■ Task requirements
Go through the data below and gather each line containing "Inch".

Records from a data source:
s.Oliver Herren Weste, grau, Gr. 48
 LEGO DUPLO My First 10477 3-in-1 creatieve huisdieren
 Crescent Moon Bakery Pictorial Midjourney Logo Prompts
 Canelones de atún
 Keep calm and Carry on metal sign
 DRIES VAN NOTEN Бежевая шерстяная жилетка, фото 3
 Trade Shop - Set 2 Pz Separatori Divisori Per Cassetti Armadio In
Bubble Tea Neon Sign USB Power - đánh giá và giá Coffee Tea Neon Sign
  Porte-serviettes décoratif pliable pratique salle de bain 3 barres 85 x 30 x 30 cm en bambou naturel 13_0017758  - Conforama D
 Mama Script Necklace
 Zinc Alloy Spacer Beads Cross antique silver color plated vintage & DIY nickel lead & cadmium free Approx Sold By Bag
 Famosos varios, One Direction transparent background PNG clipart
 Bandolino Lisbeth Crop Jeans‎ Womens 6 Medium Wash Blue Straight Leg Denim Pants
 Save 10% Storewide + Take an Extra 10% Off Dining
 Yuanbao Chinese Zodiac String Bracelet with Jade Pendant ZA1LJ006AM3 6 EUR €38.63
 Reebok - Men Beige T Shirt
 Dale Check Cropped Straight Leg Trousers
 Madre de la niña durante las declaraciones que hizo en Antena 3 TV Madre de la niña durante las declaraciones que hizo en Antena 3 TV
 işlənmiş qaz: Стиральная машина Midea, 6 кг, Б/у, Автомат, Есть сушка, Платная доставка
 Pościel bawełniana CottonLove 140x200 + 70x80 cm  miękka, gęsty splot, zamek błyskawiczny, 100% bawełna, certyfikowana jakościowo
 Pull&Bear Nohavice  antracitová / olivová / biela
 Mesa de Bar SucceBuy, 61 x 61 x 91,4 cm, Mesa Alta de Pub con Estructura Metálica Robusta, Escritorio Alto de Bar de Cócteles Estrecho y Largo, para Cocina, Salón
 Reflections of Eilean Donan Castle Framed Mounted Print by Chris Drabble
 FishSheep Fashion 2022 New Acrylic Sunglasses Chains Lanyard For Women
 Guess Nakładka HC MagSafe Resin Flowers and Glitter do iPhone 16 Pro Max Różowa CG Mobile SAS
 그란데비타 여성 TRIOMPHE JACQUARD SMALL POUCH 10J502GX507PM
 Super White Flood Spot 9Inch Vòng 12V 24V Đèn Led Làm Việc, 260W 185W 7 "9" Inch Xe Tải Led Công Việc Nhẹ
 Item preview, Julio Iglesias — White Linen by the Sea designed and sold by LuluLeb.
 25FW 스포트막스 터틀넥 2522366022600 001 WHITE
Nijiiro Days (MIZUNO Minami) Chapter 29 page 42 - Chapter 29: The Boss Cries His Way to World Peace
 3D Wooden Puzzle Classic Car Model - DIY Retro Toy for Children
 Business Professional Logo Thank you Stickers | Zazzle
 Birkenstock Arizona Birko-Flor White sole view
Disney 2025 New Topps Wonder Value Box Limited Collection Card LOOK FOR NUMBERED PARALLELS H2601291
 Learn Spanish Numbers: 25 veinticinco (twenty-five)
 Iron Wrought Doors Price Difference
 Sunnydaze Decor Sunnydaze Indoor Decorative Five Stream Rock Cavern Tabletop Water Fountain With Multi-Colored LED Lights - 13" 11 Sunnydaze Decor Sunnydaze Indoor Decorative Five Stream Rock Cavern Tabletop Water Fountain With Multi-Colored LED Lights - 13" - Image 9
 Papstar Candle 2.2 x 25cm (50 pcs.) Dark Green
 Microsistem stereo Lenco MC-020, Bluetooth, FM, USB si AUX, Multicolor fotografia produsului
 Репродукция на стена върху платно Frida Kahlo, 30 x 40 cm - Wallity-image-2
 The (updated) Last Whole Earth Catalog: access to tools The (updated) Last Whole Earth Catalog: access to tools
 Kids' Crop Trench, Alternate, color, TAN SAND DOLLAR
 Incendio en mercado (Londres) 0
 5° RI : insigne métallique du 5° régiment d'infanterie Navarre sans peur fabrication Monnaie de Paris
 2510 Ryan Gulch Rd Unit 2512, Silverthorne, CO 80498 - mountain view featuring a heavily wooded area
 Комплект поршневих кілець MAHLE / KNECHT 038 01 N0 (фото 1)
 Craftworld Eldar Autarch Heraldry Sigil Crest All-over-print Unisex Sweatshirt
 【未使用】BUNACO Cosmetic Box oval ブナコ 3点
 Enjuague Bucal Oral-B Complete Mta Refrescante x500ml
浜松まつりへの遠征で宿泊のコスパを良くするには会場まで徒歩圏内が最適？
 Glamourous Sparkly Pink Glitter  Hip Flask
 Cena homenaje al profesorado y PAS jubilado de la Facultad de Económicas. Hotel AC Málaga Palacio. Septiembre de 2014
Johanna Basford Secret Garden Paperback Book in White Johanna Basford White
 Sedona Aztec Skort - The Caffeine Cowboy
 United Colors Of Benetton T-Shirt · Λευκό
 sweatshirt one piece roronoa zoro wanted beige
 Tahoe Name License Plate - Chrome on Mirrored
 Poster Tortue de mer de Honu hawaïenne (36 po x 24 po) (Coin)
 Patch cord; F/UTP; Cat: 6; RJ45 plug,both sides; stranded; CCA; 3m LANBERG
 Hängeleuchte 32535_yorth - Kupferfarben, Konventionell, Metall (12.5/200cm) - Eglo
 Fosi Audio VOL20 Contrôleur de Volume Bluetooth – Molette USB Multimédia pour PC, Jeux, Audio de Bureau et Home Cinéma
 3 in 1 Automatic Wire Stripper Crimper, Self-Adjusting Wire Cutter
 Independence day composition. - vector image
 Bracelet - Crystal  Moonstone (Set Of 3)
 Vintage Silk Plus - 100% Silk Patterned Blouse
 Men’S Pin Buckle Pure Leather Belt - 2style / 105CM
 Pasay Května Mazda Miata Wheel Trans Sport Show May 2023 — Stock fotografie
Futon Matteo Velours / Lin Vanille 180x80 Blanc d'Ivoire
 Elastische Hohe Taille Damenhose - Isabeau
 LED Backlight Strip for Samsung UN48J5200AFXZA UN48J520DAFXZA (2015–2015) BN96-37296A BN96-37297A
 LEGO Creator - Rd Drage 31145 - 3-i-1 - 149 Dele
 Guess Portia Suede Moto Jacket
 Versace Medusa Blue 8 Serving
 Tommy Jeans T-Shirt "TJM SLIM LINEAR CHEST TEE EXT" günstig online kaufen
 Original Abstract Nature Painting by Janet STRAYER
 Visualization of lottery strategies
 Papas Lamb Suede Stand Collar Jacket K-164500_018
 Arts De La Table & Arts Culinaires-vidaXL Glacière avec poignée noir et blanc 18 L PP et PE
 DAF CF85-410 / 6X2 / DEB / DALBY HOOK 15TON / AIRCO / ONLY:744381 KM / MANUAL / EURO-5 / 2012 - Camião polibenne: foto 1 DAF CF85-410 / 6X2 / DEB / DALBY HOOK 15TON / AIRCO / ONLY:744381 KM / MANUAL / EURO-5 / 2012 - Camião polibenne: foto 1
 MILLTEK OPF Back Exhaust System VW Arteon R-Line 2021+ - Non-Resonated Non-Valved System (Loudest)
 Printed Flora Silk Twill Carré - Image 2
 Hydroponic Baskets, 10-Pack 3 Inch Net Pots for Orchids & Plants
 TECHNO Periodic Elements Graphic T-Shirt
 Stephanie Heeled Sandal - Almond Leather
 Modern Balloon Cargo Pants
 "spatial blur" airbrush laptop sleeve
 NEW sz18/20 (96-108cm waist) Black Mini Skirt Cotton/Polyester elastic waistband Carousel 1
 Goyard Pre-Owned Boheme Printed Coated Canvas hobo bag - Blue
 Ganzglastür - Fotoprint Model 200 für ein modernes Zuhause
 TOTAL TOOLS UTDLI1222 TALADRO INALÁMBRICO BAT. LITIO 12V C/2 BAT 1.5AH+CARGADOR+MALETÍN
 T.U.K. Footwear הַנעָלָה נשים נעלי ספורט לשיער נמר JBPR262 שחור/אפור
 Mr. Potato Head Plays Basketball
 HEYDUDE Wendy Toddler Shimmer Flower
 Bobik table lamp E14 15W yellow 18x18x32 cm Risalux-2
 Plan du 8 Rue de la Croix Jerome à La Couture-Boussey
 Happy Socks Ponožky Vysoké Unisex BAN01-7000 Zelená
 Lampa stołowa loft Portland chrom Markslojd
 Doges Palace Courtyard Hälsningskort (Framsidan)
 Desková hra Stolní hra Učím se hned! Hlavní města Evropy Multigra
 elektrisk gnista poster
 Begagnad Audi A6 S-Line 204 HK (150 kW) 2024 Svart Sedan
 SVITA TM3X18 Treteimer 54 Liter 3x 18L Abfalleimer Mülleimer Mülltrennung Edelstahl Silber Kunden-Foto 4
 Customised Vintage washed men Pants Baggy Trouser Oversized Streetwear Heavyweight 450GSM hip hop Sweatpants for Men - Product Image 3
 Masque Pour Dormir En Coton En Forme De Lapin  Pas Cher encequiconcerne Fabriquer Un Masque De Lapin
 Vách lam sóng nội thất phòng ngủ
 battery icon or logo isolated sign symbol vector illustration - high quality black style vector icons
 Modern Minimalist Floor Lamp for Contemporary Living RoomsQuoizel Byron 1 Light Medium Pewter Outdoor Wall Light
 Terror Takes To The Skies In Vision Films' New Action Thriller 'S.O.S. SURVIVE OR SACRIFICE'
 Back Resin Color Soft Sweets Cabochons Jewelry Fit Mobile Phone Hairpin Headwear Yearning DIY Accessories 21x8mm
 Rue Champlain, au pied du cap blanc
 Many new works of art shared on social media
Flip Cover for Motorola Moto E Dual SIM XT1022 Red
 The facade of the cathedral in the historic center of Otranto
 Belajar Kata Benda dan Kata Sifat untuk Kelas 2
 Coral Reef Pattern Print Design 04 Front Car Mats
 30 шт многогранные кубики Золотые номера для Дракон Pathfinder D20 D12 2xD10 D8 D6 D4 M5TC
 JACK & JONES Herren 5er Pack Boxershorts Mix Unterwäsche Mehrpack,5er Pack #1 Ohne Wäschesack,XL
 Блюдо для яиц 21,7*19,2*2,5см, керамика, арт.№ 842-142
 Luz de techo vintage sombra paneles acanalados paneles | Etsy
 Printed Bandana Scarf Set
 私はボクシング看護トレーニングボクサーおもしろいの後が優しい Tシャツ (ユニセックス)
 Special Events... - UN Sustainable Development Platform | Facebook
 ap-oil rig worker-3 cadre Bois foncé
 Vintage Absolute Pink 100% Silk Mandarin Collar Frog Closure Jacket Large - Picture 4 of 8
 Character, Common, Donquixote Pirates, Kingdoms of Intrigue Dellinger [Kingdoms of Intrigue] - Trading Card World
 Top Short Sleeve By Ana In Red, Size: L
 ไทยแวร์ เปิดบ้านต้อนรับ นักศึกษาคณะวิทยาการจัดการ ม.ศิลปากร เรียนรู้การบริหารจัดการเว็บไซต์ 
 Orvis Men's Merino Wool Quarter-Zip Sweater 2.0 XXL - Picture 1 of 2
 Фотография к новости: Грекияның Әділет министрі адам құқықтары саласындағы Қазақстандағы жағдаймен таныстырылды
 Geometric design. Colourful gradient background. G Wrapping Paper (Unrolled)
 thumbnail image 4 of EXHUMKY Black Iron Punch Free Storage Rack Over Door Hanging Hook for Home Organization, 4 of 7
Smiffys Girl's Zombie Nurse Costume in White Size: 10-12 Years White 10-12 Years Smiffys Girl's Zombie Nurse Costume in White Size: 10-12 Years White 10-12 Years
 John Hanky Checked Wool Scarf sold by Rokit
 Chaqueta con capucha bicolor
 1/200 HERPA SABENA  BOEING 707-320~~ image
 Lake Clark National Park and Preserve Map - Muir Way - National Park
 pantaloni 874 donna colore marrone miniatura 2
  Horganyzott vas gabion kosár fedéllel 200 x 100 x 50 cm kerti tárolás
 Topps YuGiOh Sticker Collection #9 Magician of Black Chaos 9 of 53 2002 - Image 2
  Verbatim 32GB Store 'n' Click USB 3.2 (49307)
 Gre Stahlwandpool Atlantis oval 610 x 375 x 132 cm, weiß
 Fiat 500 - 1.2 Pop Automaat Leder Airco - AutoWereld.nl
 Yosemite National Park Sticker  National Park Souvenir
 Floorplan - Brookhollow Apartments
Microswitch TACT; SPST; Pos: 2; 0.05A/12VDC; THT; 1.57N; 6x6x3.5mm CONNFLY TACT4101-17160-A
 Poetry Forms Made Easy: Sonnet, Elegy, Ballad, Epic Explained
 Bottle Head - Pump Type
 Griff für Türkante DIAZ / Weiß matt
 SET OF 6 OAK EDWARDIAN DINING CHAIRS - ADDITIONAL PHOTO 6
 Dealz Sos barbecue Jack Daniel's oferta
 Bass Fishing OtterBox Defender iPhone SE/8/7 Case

■ Task output
 Super White Flood Spot 9Inch Vòng 12V 24V Đèn Led Làm Việc, 260W 185W 7 "9" Inch Xe Tải Led Công Việc Nhẹ
 Hydroponic Baskets, 10-Pack 3 Inch Net Pots for Orchids & Plants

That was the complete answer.